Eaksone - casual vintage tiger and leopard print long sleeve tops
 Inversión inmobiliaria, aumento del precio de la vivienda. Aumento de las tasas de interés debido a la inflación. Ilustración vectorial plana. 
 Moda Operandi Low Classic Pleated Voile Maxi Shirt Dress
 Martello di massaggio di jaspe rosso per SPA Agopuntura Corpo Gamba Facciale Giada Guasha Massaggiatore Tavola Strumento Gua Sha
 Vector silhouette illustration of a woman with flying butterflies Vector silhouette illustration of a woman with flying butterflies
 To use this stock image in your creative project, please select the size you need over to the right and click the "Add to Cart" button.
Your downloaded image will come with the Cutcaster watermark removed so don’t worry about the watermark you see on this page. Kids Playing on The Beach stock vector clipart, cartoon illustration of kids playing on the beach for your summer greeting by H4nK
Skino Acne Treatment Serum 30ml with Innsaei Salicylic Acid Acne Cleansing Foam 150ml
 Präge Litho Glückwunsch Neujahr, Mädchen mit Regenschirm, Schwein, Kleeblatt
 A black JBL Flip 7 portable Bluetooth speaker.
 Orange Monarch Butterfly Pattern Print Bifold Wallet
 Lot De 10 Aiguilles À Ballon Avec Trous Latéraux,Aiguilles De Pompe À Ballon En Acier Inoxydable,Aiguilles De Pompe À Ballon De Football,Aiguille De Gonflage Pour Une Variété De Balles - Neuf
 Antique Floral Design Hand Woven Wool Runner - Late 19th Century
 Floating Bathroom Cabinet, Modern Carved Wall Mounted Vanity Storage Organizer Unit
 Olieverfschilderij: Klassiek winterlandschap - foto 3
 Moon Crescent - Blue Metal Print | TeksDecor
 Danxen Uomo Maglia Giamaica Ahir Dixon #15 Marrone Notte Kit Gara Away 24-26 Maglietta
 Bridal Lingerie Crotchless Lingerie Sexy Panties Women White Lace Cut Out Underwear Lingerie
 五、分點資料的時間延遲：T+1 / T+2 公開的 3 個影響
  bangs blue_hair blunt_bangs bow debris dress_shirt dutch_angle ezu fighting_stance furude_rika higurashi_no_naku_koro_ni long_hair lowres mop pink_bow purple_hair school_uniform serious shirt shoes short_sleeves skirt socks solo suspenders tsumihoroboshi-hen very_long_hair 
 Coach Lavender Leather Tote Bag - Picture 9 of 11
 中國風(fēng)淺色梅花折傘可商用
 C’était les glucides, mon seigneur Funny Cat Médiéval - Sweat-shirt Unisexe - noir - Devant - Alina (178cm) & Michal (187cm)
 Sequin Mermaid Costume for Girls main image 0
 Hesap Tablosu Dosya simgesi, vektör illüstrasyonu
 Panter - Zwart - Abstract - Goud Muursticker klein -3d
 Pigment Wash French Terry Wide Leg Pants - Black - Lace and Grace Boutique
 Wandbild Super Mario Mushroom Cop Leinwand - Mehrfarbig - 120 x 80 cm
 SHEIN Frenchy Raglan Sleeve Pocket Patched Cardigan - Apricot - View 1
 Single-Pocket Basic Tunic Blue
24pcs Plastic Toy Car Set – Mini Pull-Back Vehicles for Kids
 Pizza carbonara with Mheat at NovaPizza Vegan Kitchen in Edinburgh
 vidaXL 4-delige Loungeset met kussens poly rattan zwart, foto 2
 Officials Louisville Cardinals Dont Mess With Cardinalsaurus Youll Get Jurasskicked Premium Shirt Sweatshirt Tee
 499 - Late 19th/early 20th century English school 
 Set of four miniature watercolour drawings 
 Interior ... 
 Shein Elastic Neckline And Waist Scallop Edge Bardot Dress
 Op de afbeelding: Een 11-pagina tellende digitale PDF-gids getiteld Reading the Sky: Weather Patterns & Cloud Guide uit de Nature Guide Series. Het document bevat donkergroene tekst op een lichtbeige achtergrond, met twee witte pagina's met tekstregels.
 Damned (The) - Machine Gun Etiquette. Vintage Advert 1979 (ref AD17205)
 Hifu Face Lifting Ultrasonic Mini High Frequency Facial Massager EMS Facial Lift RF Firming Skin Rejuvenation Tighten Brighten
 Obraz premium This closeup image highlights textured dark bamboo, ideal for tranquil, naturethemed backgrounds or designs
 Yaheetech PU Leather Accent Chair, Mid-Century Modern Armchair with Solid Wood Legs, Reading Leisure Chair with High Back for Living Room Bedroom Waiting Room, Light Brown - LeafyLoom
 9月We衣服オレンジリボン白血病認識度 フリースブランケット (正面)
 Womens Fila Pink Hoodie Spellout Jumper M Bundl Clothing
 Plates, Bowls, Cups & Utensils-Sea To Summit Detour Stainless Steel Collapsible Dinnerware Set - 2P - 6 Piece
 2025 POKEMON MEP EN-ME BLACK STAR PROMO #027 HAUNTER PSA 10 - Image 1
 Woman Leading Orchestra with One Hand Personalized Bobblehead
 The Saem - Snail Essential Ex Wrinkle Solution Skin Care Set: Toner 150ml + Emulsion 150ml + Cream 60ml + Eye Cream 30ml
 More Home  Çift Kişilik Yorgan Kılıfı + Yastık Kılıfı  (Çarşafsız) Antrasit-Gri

☆ ☆ ☆

Assignment
Scan the records above for the string "Kids", then select every line that holds it.

Response to this task
Your downloaded image will come with the Cutcaster watermark removed so don’t worry about the watermark you see on this page. Kids Playing on The Beach stock vector clipart, cartoon illustration of kids playing on the beach for your summer greeting by H4nK
24pcs Plastic Toy Car Set – Mini Pull-Back Vehicles for Kids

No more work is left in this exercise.